NIC Put a Cost of £1.3 Trillion on Net Zero

The Climate Change Committee welcomed some changes but said others make net zero harder to achieve.

From NOT A LOT OF PEOPLE KNOW THAT

By Paul Homewood

https://nic.org.uk/studies-reports/national-infrastructure-assessment/second-nia/#tab-summary

Bit by bit, we are learning the truly horrifying cost of Net Zero.

Over the years of course successive governments as well as the Committee on Climate Change have tried to pull the wool over our eyes, avoiding specifics and instead talking in generalities about green jobs and economic growth.

The first chink appeared in 2019, when Philip Hammond’s Treasury team put an estimate of £1.2 trillion on it, a figure which the government at the time did its best to hide and discredit.

Since then various independent estimates have suggested the real costs might be even greater.

The National Infrastructure Commission (NIC) has just published its Second National Infrastructure Assessment, which has looked in detail about the projected costs, and it backs up what the Treasury feared four years ago.

These are the key takeaways:

Up to £35 billion per year between 2025 and 2050 of investment in renewable generation capacity and flexible sources of generation, electricity grids, and hydrogen and carbon capture and storage networks
£2.5 billion per year between 2024 and 2050 to decarbonise public sector buildings by deploying heat pumps, heat networks and energy efficiency
£12 billion per year to cover the extra costs of replacing gas boilers with heat pumps, most of which will be financed by the government rather than homeowners.
300,000 EV chargers – no cost is given, but it is likely to be in the region of £30 billion.
Add that lot up, and we are looking at over £1.3 trillion.
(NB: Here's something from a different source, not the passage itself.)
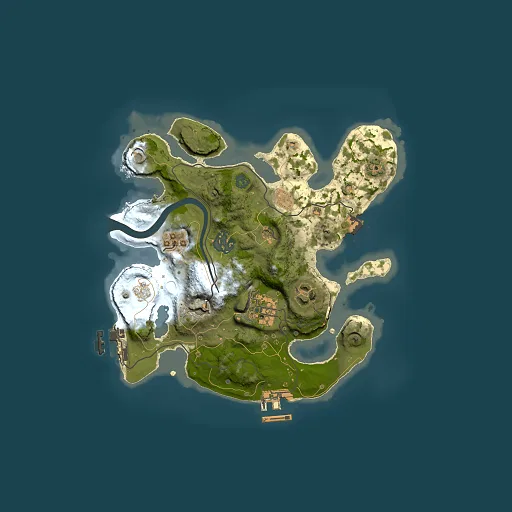 Rust map seed 1990263304, 2500x2500m top-down preview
And all of these investments are superfluous. We already have plenty of gas generating capacity, most of which should still be in working order in 2040. We also have a working grid that has no need of extra storage, and is capable of handling existing demands. And of course, we also have efficient heating systems and motor vehicles. All of this extra expenditure is therefore of no benefit.

But that is only the start. The NIC, for instance, assume that EVs achieve price parity with ICE cars by 2030. They currently cost at least £10K more, and there is no evidence that this will change significantly in the foreseeable future.

If we assume this price difference lasts until 2040, the extra cost would amount to £230 billion in the 2030s alone.

By the nature of the beast, a lot of these costs are front loaded in the next decade or so. So although cost pressures might ease after 2040, costs will be particularly heavy until then. Hence the NIC’s suggestion that the government should provide zero interest loans for household heat pumps, the idea being that homeowners can pay them off in instalments, in the hope they don’t notice them!

But providing interest free finance is merely one more hidden cost that the government must bear. Money does not grow on trees, so the government will find yet more debt servicing costs added to an already unsustainable public deficit. Worse still, this money that they will need to borrow will drain resources away from more productive investments.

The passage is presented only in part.